It was Morrissey’s job to greet these new arrivals and direct them to soup kitchens and boarding houses controlled by the Rynders organization. Mixed in among the many legitimate immigrant runners were dozens of con artists and “land sharks,” men who preyed upon the ignorant new arrivals. Later accounts of the era often characterized the job of the immigrant runner as that of a parasite, which may have been a bit harsh. Certainly the position straddled the line between charity and exploitation. Among runners, Morrissey developed a reputation as a tough though fair man who directed hundreds of desperate immigrants to food and lodging. In exchange, they signed voter cards and pledged their support to the political organization that Morrissey represented. On election day, it was Morrissey’s job to see that these people delivered on their pledge—under the threat of violence, if necessary.

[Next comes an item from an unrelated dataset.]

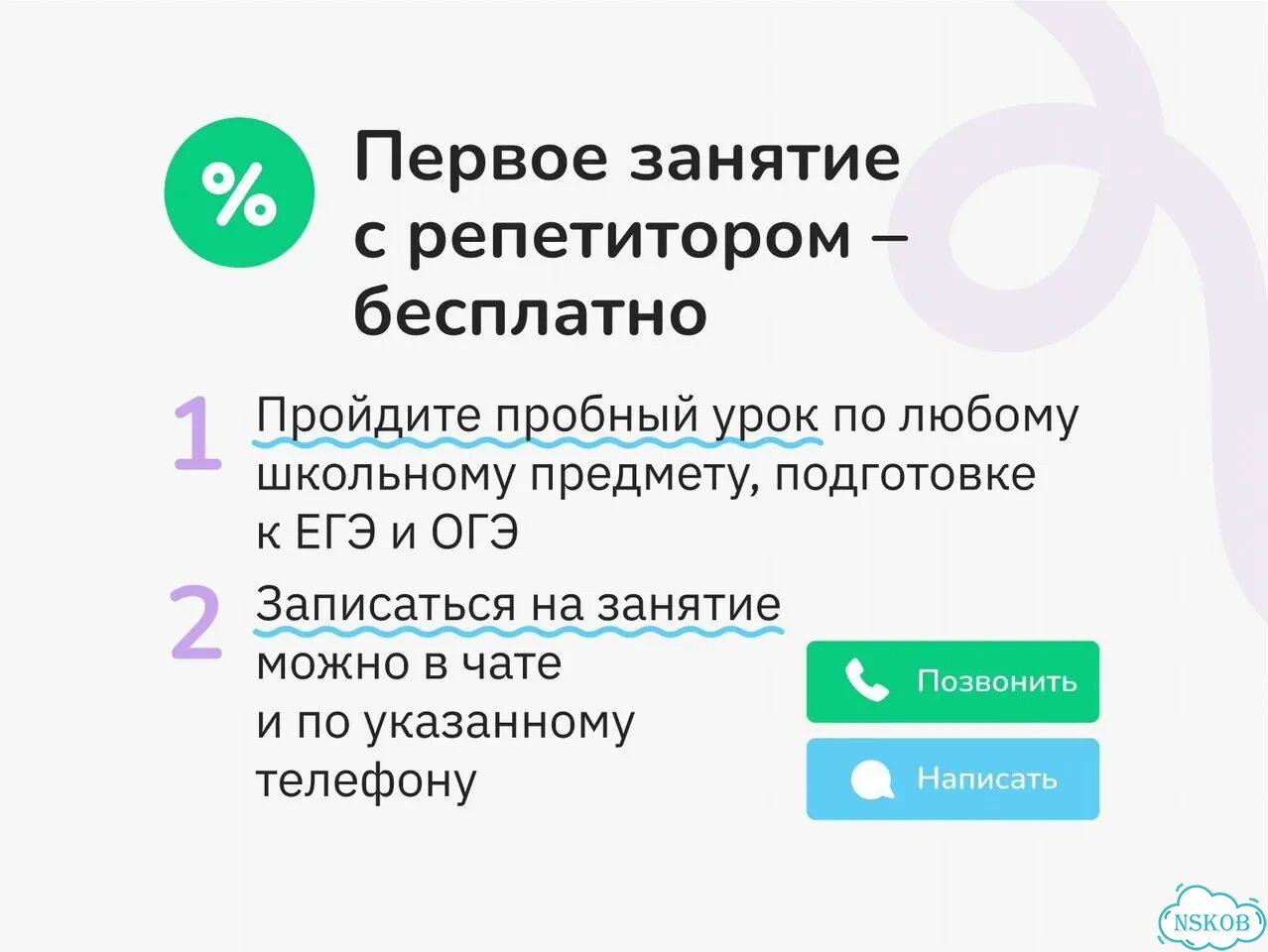 Репетитор по математике фото 5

Along with tens of thousands of other Irish immigrants arriving in New York City on a monthly basis, Morrissey found lodging in Five Points, the infamous slum neighborhood that dominated the Sixth Ward at the lower tip of Manhattan island. For a time, he lived in a boarding house on Cherry Street and frequented a grog shop, or speakeasy, on lower Broadway known as the Gem Saloon.
Five Points was a lively area though the physical conditions of the district were awful. Laid out on top of what had once been a sewage pond known as the Collect, Five Points had evolved from being mostly an industrial district of tanneries, glue factories, and turpentine distilleries to a residential haven for the city’s growing immigrant class. Poor Germans, Irish, Jews, and African Americans were crowded into two-story wooden structures built unsteadily on landfill over Collect Pond.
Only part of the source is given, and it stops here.